**TASK INPUTS**.
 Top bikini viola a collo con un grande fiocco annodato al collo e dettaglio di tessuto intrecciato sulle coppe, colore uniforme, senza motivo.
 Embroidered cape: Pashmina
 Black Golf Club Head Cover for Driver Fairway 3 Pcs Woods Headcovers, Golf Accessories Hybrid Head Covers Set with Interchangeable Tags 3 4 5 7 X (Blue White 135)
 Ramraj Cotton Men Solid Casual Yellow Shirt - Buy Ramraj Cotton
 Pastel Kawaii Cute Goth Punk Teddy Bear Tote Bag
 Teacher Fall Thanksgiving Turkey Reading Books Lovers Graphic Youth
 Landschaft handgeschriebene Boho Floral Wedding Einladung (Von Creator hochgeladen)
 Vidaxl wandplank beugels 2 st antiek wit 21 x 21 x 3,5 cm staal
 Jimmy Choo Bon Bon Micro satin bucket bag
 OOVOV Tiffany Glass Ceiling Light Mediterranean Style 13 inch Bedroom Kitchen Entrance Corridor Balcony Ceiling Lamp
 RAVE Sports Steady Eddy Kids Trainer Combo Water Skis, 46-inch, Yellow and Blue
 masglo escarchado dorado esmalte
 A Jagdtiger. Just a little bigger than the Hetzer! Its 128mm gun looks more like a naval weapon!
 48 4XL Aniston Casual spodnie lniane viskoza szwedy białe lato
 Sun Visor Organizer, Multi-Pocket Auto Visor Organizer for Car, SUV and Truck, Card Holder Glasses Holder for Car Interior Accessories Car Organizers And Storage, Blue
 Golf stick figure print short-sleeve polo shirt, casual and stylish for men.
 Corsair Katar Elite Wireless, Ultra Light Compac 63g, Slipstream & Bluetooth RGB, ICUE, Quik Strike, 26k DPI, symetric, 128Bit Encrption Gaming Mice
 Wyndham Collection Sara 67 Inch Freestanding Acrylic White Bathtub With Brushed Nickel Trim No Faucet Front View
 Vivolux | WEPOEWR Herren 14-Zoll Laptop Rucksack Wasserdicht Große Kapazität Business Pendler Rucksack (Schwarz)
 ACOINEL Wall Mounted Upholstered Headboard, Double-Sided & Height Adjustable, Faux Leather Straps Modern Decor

**TASK ITEM**. List all lines in the material containing the string "Accessories".

**ANSWER BELOW**.
 Black Golf Club Head Cover for Driver Fairway 3 Pcs Woods Headcovers, Golf Accessories Hybrid Head Covers Set with Interchangeable Tags 3 4 5 7 X (Blue White 135)
 Sun Visor Organizer, Multi-Pocket Auto Visor Organizer for Car, SUV and Truck, Card Holder Glasses Holder for Car Interior Accessories Car Organizers And Storage, Blue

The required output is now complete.